And they’re off—eight of the-fleetest dachshunds on the West Coast, scuttling toward a finish line 50 yards away, owners whooping, whistling and brandishing chew toys. Joey, the Anaheim entrant, loses interest and stops running. Local favorite Spike, a miniature who placed second the last two years, surges to victory. “Top dog!” exults owner Mitchell Christensen, 14.
At the racetrack in Los Alamitos, Calif., the dogs, for once, are having their day—well, actually their evening—in the third annual Wienerschnitzel Wiener Nationals. Sponsored by a fast-food chain, the charity event on May 30 drew more than 8,000 railbirds to the track, where, over a period of two hours, the original field of 64 was whittled down to eight finalists.
Originally bred in Germany to hunt badgers, dachshunds, like Volkswagens, are rarely taken for greyhounds. Still, the event gets hundreds of applications. The field is chosen based on the cleverness of the owner’s letter. “We didn’t care if they were fast,” says Orlando Gutierrez, publicity director for Los Alamitos racetrack, which usually hosts quarter horses. “Some doggies got in because their owners told me how slow they were.”

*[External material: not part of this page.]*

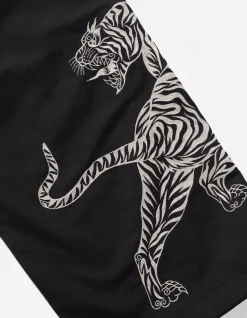 Original Snopants*Maharishi 4282 Duelling Tigers Embroidered Loose Snopants® Black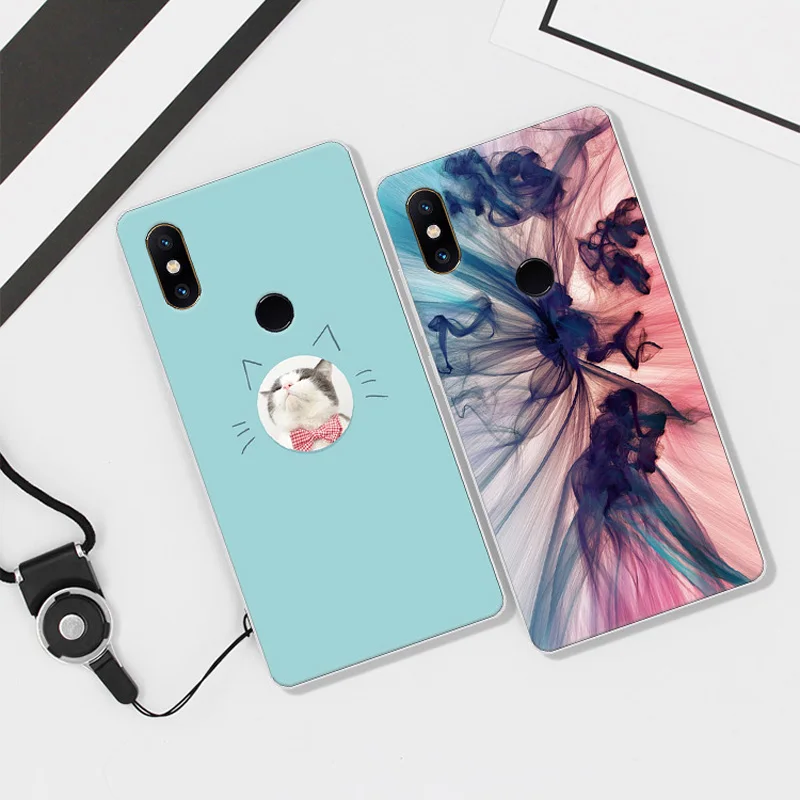 For Xiaomi MIX 2S Phone Case Cartoon Shell Personality Cover Silicone Soft TPU mi max 2s Mobile Bendable |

For 5-year-old Spike, glory was fleeting. Soon after his victory, he competed in the Champion of Champions race against previous winners. Game but exhausted from his earlier efforts, he finished dead last behind Baron, last year’s champ, and Pea-Nut, who won in 1996. Not that it mattered. “You’re a good dog, Spikey,” cooed Sandy Christensen, 44, Mitchell’s mother, adding, “He doesn’t know he didn’t win it—and I’ll never tell him.”